* **Entries shown**:
=== Begin Enclosure ===
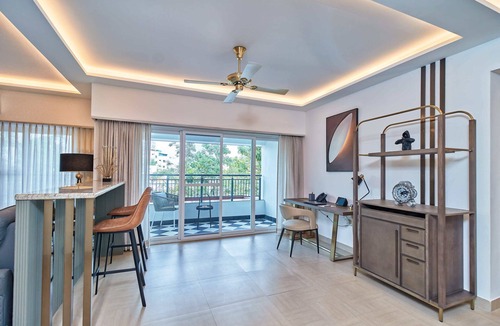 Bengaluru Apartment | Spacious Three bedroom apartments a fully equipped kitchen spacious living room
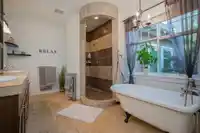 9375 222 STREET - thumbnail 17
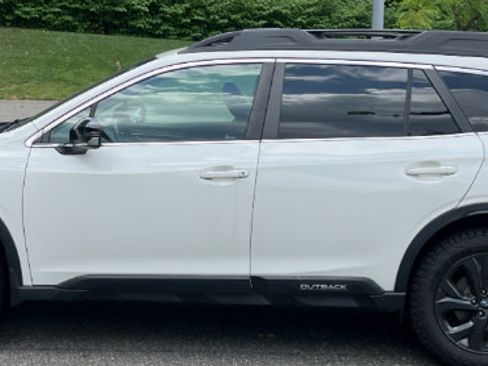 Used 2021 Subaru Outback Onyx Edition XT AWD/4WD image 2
=== End Enclosure ===
=== Begin Enclosure ===
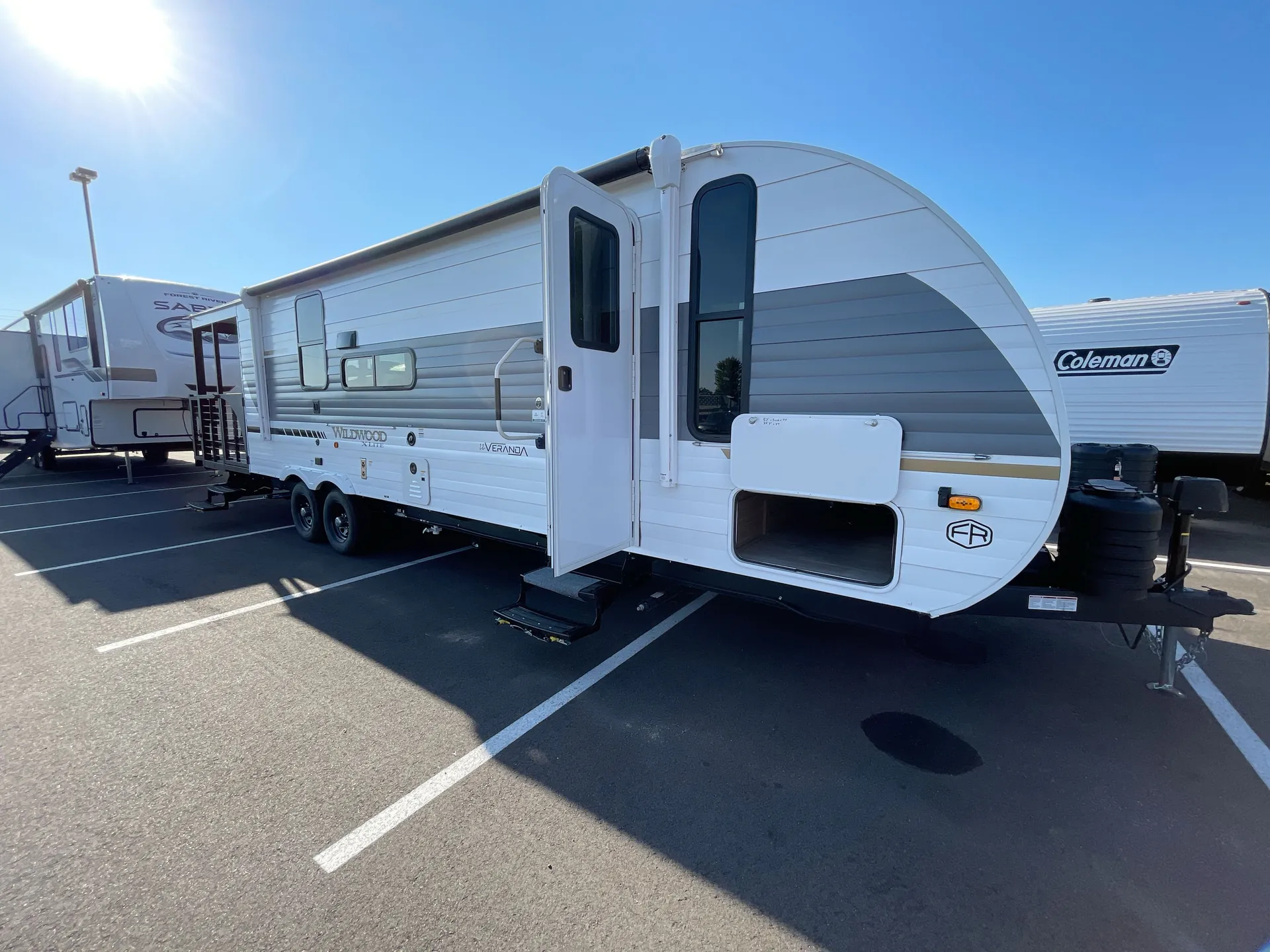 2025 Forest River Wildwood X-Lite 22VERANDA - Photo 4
=== End Enclosure ===
* **What is being asked**:
Above are the records; copy from them only the lines starting at the one containing "Bengaluru Apartment |" and ending at the one containing "Used 2021 Subaru", exactly and without pictures.

* **Solution for this exercise**:
 Bengaluru Apartment | Spacious Three bedroom apartments a fully equipped kitchen spacious living room
 9375 222 STREET - thumbnail 17
 Used 2021 Subaru Outback Onyx Edition XT AWD/4WD image 2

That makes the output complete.